Microplastics, already a problematic presence in water, seafood, and other things we consume, are showing up in other parts of the food chain, including fruits and vegetables. Let our leaders know it’s time to stand up to industrial interests and reduce our exposure to harmful synthetic pollutants.
We’ve known for years that microplastics have invaded our oceans, rivers and drinking water. It’s a challenge to take water samples anywhere, even Earth’s most remote places, without finding these small polymers. But scientists now believe microplastics may be just as widespread on farmland, where they can end up in food grown and raised there.
Microplastics – and their tiny counterparts, nanoplastics – are either manufactured small for use in commercial and industrial products, or they’re the remains of synthetic textiles or other plastics broken down by sunlight, suds or even scissors. On farms, they can come from many sources, including plastic mulching and degraded water pipes, but recycled sewage sludge is a huge factor.
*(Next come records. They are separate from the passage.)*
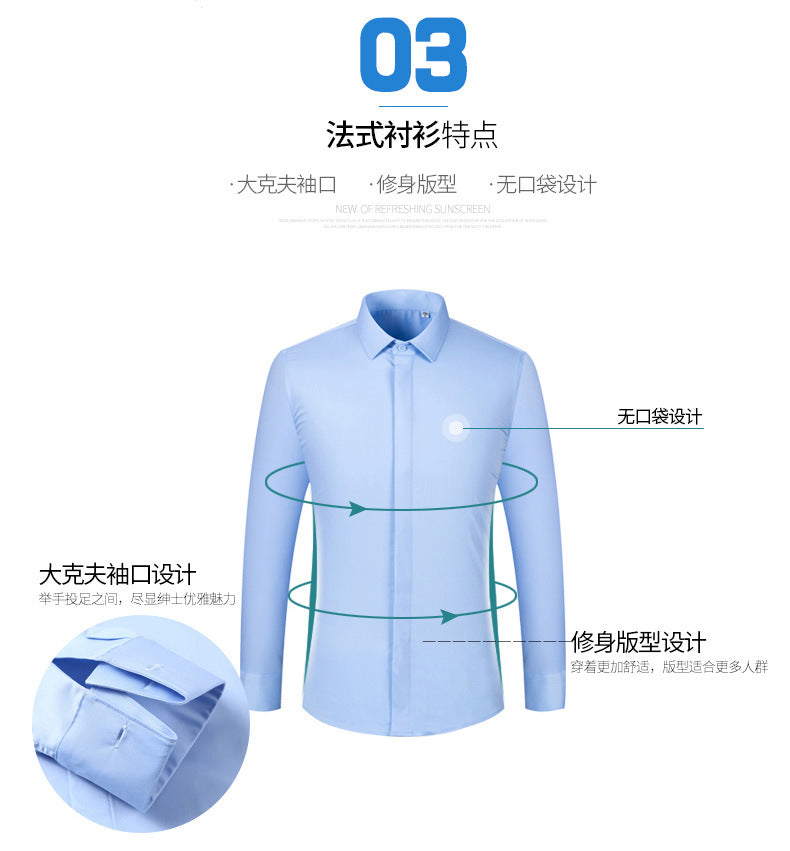 Men's French Cufflinks Shirt Business Formal Dress Sleeve Studs Solid Color Non-ironing Double Stacked Sleeve Hidden Button Shirt Slim-fit Korean Style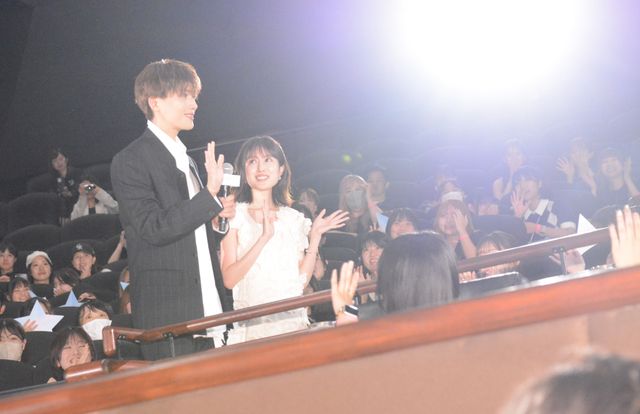 八木勇征が福本莉子をエスコートのサプライズ！『隣のステラ』完成披露舞台挨拶（9枚目）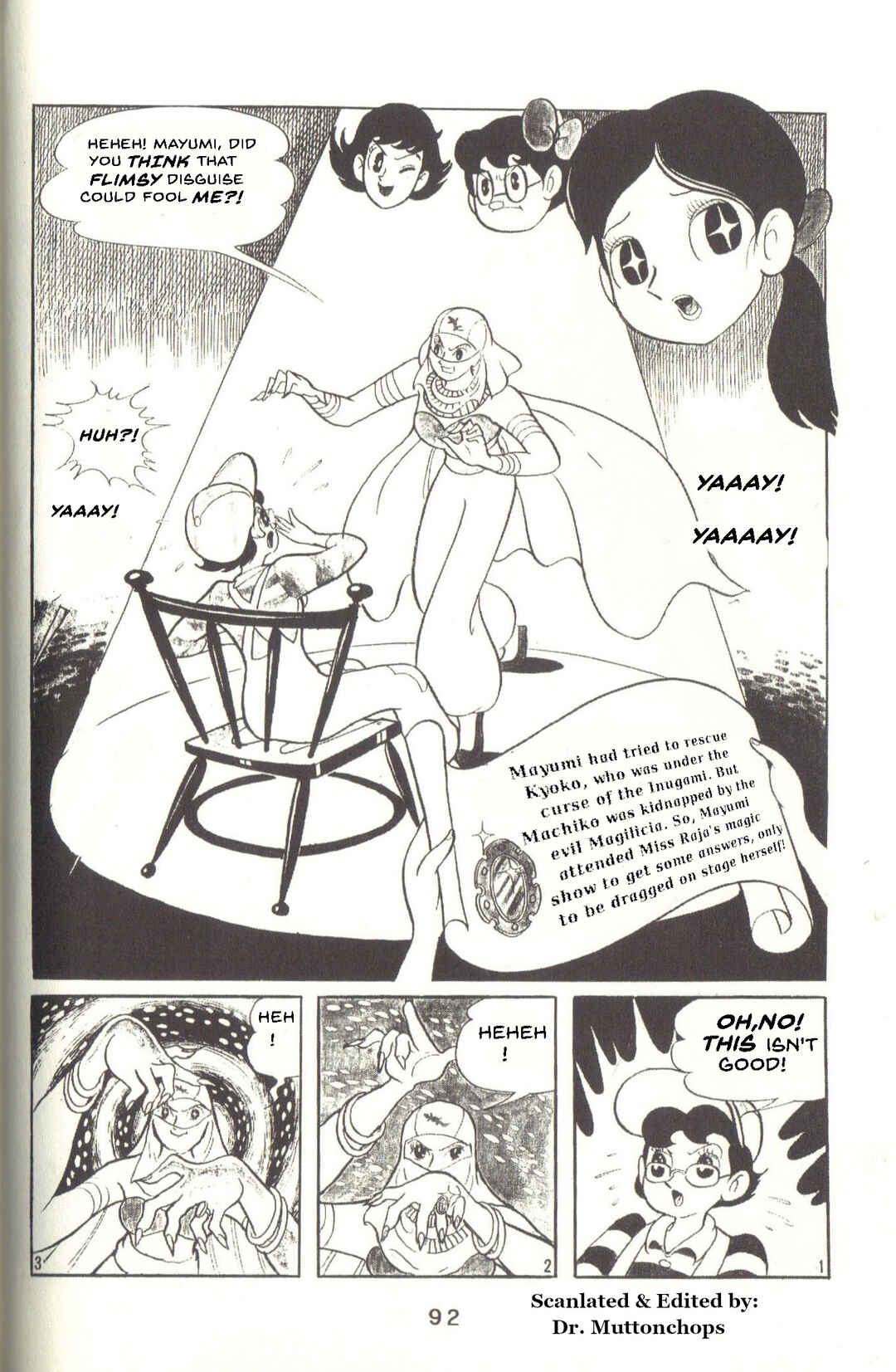 Page 1 Chapter 35 Super Rose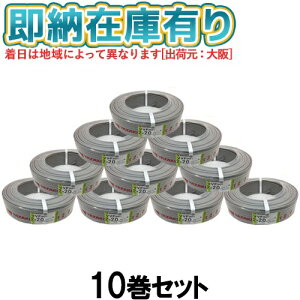 [@l][[݌ɗL] VVF2×2.0mm (10Zbg) d VVFP[u 2c 600Vrj≏rjV[XP[u` 2.0mm 2S 2C 100m DF [ VVF2.0-2C ]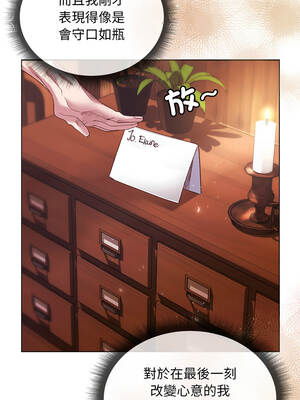 小姐由我來守護 8-9話_09_05_ymej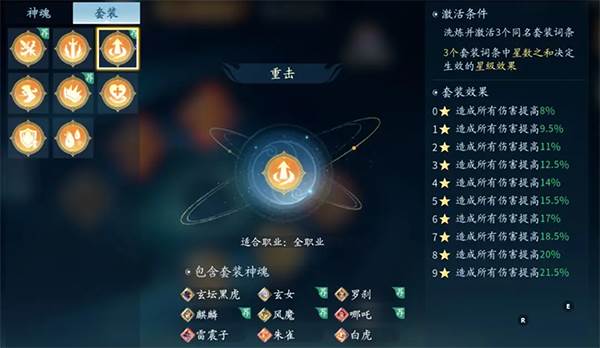 神魂攻略配图5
This largely organic material left over from the water treatment process is applied as fertilizer all over the world because it’s widely available, inexpensive and rich in nitrogen and phosphates. We now know it’s also rich in microplastics – about one percent of sludge is composed of plastic particles too small to filter out before heading to the farm. These pieces settle into soil, where moisture-seeking plants draw them up into their roots.
One recent survey of produce in Sicily found apples and carrots were most likely to contain microplastics. Because most microplastics remain in the plant’s root systems, we’re more likely to ingest them from eating root vegetables – radishes and turnips, for example – than such leafy produce as lettuce and kale. Unlike surface pesticides, which we can mitigate by rinsing produce before eating it, microplastics become part of the plants themselves. Of course, as livestock graze on polluted land or eat contaminated grains, that adds to the microplastics in our meat and milk.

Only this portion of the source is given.